Tanggul itu membatasi permukiman warga dengan laut. Layaknya penjaga, tanggul itu melindungi dua kampung di wilayah Tambaklorok, yakni Tambakrejo dan Tambakmulyo, dari serangan banjir rob.
Pembangunan tanggul memang diharapkan menjadi solusi banjir rob di Kota Lumpia. Diketahui, banjir rob seakan-akan menjadi makanan sehari-hari warga Pantai Utara Semarang.
Banjir rob di Semarang tampaknya bukan hanya menjadi fokus pemerintah daerah, melainkan juga pemerintah pusat.
Baca juga: Tuntaskan Masalah Rob di Tambaklorok, Wali Kota Semarang Bakal Kembangkan Wisata Bahari
Baru-baru ini, Presiden Joko Widodo (Jokowi) mengunjungi tanggul rob tersebut. Jokowi meninjau proyek tersebut usai shalat Idul Adha di Kota Semarang pada Senin (17/6/2024).
Jokowi mengatakan, tanggul Tambaklorok itu mampu menahan rob paling tidak sampai 30 tahun mendatang. Sehingga, masyarakat setempat tak perlu lagi mengkhawatirkan rob tahunan.
"Sepanjang 3,6 kilo untuk pengendalian rob yang ada di Tambaklorok dan juga penataan kampung nelayan. Saya kira dalam jangka 30 tahun minimal bisa menahan rob yang terjadi," ungkapnya.
Di Tambakrejo, panjang tanggul lebih kurang 1,8 km. Sementara sisanya, 1,8 km, mengitari Tambakmulyo.
Tanggul rob tahap satu yang memiliki ketinggian 2 meter, dibangun pada tahun 2016 hingga 2018. Sedangkan tanggul rob tahap dua yang memiliki ketinggian 3 meter, dibangun tahun 2022 sampai 2024.

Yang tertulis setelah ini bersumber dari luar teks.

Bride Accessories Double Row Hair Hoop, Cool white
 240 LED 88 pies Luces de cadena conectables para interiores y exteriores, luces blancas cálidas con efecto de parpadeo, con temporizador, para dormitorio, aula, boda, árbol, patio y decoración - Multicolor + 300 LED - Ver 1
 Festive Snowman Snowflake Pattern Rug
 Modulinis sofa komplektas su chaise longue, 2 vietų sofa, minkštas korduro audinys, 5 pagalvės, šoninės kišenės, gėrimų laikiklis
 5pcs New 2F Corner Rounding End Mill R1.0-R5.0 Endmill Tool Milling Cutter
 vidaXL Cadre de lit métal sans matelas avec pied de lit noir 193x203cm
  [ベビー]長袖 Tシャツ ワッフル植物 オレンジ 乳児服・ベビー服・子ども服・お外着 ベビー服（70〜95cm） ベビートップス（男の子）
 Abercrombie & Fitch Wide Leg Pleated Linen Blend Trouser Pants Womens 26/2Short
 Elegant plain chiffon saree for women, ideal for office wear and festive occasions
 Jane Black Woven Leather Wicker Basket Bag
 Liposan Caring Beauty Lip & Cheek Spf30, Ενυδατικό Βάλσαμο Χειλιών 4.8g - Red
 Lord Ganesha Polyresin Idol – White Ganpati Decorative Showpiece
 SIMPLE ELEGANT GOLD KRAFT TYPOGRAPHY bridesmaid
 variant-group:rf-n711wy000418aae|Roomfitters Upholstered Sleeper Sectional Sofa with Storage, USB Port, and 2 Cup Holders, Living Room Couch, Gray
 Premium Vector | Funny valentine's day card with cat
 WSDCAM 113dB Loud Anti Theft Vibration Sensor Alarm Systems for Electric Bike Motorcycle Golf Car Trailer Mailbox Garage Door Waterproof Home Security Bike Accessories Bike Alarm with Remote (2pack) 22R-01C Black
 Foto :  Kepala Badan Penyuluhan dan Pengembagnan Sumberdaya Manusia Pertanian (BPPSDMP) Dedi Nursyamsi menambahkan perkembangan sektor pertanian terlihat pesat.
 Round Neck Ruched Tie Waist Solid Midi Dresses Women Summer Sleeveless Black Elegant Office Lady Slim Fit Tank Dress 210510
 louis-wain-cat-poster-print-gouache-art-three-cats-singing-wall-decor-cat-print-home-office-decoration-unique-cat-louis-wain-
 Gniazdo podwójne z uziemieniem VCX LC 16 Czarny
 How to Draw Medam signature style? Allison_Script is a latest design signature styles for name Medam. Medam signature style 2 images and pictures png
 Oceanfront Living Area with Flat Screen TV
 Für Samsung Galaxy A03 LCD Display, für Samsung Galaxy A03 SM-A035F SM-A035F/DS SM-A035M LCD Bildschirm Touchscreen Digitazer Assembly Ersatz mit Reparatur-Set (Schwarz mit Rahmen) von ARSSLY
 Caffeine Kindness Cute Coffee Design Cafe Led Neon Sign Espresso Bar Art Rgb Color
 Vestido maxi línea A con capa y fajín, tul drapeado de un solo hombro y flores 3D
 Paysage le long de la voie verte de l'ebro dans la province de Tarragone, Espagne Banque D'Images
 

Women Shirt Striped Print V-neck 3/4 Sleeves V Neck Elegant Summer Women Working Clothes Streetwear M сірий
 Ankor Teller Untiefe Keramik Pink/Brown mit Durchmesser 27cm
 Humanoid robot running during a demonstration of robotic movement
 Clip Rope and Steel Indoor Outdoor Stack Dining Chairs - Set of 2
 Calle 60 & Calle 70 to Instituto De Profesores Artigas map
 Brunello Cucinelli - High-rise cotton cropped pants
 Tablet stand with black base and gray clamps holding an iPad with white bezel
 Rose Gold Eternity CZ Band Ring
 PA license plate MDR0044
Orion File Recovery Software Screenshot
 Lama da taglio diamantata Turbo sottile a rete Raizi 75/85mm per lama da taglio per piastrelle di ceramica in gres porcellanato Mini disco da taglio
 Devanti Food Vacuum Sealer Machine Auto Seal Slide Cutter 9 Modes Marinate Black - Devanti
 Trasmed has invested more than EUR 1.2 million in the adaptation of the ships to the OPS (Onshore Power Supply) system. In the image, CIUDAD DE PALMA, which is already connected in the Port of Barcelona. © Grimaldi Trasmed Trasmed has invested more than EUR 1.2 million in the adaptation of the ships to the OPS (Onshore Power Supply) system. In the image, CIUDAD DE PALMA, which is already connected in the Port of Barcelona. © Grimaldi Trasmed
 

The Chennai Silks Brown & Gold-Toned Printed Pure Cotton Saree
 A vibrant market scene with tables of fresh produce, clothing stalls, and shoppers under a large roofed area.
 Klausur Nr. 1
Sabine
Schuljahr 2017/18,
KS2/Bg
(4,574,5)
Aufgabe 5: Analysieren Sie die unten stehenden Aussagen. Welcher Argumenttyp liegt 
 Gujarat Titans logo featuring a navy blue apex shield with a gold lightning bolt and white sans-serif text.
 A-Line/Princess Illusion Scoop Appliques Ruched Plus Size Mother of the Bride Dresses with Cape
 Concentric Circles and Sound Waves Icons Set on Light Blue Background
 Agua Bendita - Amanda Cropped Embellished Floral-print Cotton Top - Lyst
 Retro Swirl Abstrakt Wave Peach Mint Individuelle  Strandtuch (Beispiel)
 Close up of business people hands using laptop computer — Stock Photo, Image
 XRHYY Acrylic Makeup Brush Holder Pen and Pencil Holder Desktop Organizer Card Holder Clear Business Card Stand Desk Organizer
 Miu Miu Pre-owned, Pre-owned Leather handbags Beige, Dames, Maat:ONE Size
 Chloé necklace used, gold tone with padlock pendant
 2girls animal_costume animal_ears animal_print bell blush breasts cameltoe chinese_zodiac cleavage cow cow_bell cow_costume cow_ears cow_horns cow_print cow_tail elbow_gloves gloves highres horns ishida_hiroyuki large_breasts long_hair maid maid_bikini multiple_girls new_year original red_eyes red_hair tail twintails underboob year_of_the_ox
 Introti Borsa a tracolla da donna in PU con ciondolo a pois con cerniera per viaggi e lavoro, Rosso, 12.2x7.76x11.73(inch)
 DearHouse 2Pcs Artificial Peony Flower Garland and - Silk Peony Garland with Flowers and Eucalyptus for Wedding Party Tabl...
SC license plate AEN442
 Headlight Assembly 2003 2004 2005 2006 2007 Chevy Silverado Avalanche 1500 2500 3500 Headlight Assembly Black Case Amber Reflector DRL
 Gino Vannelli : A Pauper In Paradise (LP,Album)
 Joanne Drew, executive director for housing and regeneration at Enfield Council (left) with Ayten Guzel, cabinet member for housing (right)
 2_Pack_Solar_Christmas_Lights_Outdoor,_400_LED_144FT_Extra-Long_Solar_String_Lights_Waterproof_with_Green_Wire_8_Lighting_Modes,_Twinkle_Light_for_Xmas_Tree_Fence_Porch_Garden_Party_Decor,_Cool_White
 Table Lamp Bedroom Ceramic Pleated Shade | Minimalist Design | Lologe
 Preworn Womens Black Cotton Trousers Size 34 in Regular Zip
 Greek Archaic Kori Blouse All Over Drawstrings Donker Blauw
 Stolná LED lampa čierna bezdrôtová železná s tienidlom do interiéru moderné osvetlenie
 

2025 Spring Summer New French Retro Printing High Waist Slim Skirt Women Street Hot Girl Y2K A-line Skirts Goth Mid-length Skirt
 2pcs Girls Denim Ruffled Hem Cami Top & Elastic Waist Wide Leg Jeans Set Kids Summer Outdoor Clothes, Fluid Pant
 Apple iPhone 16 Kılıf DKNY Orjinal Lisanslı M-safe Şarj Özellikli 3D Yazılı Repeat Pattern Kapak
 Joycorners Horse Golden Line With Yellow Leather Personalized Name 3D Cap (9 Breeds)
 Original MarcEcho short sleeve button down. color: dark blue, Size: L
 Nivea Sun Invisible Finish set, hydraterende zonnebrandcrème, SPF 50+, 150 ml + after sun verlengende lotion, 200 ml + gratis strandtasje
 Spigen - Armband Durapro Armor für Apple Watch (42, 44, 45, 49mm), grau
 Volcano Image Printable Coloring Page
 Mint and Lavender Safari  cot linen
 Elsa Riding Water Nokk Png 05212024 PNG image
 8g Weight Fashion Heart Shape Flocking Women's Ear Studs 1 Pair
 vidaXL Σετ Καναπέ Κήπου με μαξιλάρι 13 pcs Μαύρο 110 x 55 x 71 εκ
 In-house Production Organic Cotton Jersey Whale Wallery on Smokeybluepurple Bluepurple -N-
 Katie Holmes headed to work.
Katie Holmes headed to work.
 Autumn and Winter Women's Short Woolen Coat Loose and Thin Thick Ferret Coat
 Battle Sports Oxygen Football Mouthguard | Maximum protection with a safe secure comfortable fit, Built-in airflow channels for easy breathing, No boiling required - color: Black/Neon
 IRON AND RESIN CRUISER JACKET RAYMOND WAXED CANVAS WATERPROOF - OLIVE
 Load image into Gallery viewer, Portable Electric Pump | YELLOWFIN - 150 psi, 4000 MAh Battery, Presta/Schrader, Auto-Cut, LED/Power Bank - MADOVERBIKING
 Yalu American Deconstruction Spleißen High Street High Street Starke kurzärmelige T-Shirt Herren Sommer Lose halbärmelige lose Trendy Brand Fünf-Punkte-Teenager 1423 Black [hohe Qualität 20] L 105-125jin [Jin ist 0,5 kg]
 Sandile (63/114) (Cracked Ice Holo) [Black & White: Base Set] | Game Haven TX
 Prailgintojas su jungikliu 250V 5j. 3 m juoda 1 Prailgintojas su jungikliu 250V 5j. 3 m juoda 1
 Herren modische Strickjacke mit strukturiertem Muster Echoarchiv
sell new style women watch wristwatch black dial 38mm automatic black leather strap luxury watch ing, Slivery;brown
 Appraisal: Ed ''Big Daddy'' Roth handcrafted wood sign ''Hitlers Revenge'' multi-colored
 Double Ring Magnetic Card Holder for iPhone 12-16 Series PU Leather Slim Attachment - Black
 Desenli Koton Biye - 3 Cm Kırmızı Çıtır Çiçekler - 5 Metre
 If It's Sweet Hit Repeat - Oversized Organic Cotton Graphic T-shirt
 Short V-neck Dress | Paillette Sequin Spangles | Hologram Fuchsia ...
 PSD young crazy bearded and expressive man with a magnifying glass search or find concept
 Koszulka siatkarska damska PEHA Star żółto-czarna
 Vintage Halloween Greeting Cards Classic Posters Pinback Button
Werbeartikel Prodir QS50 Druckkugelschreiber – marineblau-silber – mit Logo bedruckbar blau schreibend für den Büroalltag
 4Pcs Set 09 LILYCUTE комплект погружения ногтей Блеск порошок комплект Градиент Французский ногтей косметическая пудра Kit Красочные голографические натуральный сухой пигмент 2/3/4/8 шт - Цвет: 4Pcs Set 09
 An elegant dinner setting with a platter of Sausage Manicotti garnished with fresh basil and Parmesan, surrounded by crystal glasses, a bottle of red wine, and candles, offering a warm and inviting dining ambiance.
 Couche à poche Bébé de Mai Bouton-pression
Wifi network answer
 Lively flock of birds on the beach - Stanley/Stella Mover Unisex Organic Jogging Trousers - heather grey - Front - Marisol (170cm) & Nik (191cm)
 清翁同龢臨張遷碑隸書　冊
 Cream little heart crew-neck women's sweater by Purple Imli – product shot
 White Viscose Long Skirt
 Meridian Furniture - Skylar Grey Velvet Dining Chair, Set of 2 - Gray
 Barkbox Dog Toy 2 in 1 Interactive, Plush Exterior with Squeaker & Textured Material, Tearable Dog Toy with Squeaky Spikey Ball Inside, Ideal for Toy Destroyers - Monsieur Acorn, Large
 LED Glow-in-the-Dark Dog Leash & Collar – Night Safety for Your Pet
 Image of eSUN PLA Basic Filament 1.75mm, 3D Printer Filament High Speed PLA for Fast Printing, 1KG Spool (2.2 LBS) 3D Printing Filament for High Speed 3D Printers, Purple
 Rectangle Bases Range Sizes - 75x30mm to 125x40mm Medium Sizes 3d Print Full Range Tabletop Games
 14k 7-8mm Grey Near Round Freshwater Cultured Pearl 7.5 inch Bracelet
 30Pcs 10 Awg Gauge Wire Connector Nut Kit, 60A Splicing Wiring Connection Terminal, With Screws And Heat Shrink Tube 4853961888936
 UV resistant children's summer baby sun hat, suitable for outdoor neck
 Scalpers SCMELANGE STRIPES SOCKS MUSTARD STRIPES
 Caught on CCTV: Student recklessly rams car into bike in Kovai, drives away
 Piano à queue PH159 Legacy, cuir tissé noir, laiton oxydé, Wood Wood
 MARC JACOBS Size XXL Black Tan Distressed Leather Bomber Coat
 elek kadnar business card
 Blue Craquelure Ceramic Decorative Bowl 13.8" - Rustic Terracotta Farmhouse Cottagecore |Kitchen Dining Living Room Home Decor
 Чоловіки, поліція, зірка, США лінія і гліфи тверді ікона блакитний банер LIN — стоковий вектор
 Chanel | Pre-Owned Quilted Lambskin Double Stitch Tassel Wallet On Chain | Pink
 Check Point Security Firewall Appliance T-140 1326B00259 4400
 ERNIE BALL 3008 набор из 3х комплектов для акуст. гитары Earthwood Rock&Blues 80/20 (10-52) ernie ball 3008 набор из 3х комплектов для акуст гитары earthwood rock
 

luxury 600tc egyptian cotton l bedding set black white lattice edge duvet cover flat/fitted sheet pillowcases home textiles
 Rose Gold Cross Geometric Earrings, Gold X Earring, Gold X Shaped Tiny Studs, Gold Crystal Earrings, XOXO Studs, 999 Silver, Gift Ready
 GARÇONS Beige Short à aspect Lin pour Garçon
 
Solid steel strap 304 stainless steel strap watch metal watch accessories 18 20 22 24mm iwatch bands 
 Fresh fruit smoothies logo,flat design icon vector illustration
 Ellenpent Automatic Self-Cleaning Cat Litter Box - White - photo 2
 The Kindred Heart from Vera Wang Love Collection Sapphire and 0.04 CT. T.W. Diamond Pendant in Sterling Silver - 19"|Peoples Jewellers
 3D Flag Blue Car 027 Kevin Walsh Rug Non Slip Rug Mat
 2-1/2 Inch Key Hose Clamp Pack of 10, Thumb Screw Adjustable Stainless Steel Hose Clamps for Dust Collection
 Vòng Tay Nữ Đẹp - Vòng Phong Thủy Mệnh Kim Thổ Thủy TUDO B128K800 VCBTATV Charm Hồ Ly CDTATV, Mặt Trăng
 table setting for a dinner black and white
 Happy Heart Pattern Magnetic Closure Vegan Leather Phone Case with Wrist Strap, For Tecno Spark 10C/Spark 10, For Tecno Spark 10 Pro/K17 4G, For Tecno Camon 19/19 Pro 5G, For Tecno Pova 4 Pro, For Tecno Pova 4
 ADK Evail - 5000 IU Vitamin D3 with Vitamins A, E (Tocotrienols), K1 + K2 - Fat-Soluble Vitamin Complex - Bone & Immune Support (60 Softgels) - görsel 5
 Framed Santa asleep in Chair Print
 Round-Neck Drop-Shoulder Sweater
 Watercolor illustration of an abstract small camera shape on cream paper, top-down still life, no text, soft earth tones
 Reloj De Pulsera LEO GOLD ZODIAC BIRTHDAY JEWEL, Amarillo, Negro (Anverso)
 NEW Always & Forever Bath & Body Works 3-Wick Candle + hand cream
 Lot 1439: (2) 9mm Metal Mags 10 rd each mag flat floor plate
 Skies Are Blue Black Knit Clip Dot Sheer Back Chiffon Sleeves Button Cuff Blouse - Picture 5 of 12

Tak hanya selamat dari banjir rob, tanggul tersebut jadi penyelamat ekonomi warga. Pasalnya, warga Tambaklorok yang kebanyakan berprofesi sebagai nelayan mengaku semakin sulit mencari ikan.
Hal ini seperti yang dialami warga setempat, Romdhon. Pria berusia 58 tahun itu merantau bersama orangtuanya dari Demak ke Tambaklorok Semarang sejak tahun 1970.
Dia sudah menjadi nelayan di Tambaklorok sejak usia 13 tahun. Sambil membereskan hasil tangkapan ikan asinnya, dia bercerita soal penghasilan nelayan yang semakin tak pasti.
"Ini seember (ikan asin) Rp 20.000-Rp 30.000 aja belum tentu laku. Kemarin dapat Rp 170.000 kotor, belum sama bahan bakar. Kadang cuma cukup buat beli beras," katanya saat ditemui di tempat sandar perahu, Selasa (18/6/2024).
Beban ekonomi itu diperparah dengan adanya banjir rob yang sering melanda rumahnya. Dia harus mengeluarkan biaya yang tidak sedikit untuk meninggikan fondasi rumah untuk menghalau rob.